Mais au-delà, penser le logement, c’est se pencher sur la question du bien‑être des habitants, du plaisir d’habiter son quartier, sa ville, son village. Imaginer des logements modulables, bien dimensionnés, producteurs d’énergie, construits avec des matériaux vertueux, intelligemment connectés.
Sur ce plan, il faut réinventer le mode de production de la ville en mobilisant les ressources des territoires (l’existant, le réemploi) et le génie des lieux, et ainsi acclimater les normes et les exigences financières, qui trop souvent éloignent l’habitant du plaisir d’habiter. Un sentiment exacerbé pendant les confinements successifs qui nous ont rappelé que le logement est le lieu de l’intime.
L’objectif majeur de la qualité du logement est à resituer dans celui du cadre de vie, du « déjà-là ». Fabriquer une ville désirable pour ses habitants est une problématique qui mobilise les élus et les collectivités locales, mais aussi l’ensemble des acteurs de la fabrique de la ville et des territoires. Ils rivalisent de savoir-faire pour réparer le bâti existant, régénérer les quartiers, repenser la forme urbaine, multiplier les aménités pour amplifier la qualité de vie, innover dans le bâti et dans l’espace public grâce au digital. L’habitant est partie prenante des réflexions et des projets, et aspire à de plus étroites relations avec son environnement, désirant ainsi être acteur des grandes transitions écologiques et environnementales.
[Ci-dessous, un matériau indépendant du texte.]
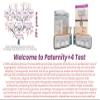 KINTOUCH Family Connection Test Kit: 100% Certainty with 2 Tests | Instant Touch DNA for Self-Identification of Twins view 2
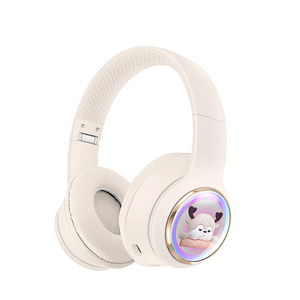 Productos Más Vendidos <span class=keywords><strong>2023</strong></span> AKZ-56 Auriculares para Juegos con Cancelación de Ruido, Auriculares Bluetooth 5.3, Sonido Envolvente 6D, Auriculares Supraaurales - Product Image 3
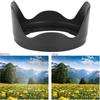 EW 78E Plastic Mount Lens Hood for CANON EW 73D EF S 18 135mm f3.5 5.6 IS USM Lenses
L’enjeu urbanistique consiste à déplacer le débat de la densité vers celui de l’intensité urbaine. Faire converger l’urbain, l’économique et le social sur de mêmes lieux, et travailler finement les gradients de cette intensité afin de maintenir les équilibres entre territoires, des métropoles au rural en passant par les villes moyennes.
La forme urbaine doit amplifier le désir d’habiter dans le continuum des exigences environnementales et sociales, et des champs ouverts par l’innovation – de « l’ubérisation » de la ville à la digitalisation du logement – qui méritent d’être examinés du point de vue de leur potentiel de facilitation de la vie quotidienne, mais aussi d’augmentation du lien social. L’intensité se mesure à la capacité des territoires à répondre aux besoins des habitants, aux vibrations du quotidien, et à se transformer rapidement. Elle est ancrée dans la réversibilité.
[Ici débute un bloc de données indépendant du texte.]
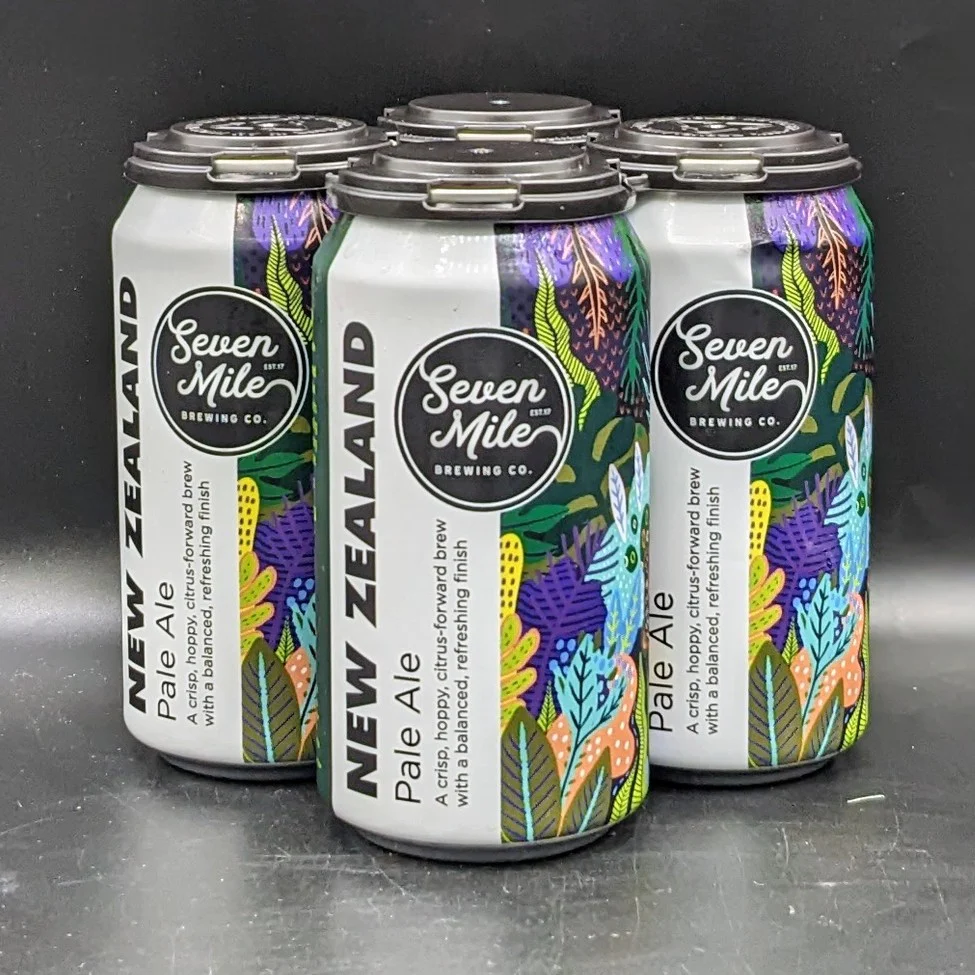 Seven Mile NZ Pale Ale - Image 2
L’habitabilité des territoires repose sur la transformation de la politique du logement en une politique plus globale du cadre de vie et de l’habitat qui intègre les espaces publics, les équipements de proximité, l’animation culturelle, la vie associative, le fonctionnement urbain au quotidien et la dynamique de l’estime des habitants.
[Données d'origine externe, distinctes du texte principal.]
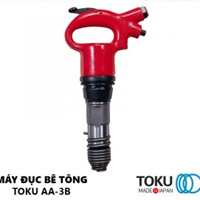 Máy Đục Bê Tông Toku AA-3B Nhật Bản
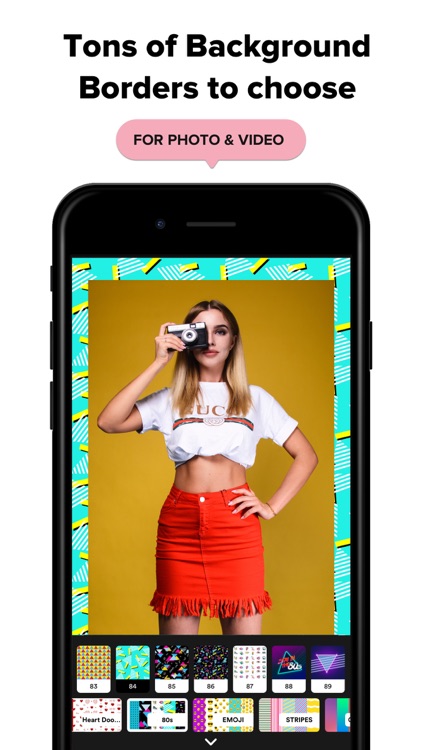 PICFY - Photo & Video Editor screenshot-3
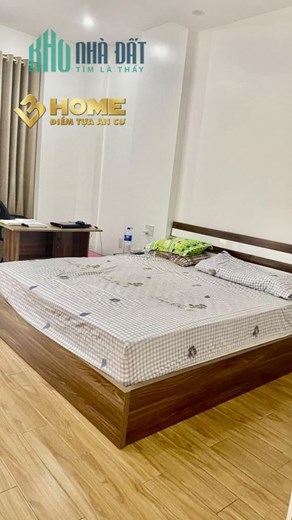 VC268. CHO THUÊ NHÀ MẶT NGÕ VĂN CAO 5 NGỦ FULL ĐỒ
Les exigences réglementaires et citoyennes pour la sobriété foncière et énergétique, la préservation de la biodiversité mobilisent les acteurs de la production de la ville sur tous les fronts – économie des sols, régénération des villes, décarbonation des constructions – en vue de la requalification de leur offre.
Le respect et la magnification du cadre de vie – et à travers lui de la planète –, la fabrication de la ville inclusive ne sont plus des options. Et le terrain de jeu est immense : mobilisation des délaissés et lutte contre l’habitat indigne en cœur de ville, réinvestissement des quartiers de politique de la ville, densification des lotissements, transformation des espaces d’activités.
S’il faudra, pour y parvenir, dépasser certains écueils, comme la question du coût foncier qui doit être totalement réenvisagée afin d’aboutir à des mécanismes de régulation qui permettent de compenser certaines charges par des limites aux plus-values ; le logement s’impose comme le facteur décisif de l’urbanité à l’intérieur des villes et des territoires, au cœur de la réconciliation de l’organisation de l’espace et des harmonies humaines.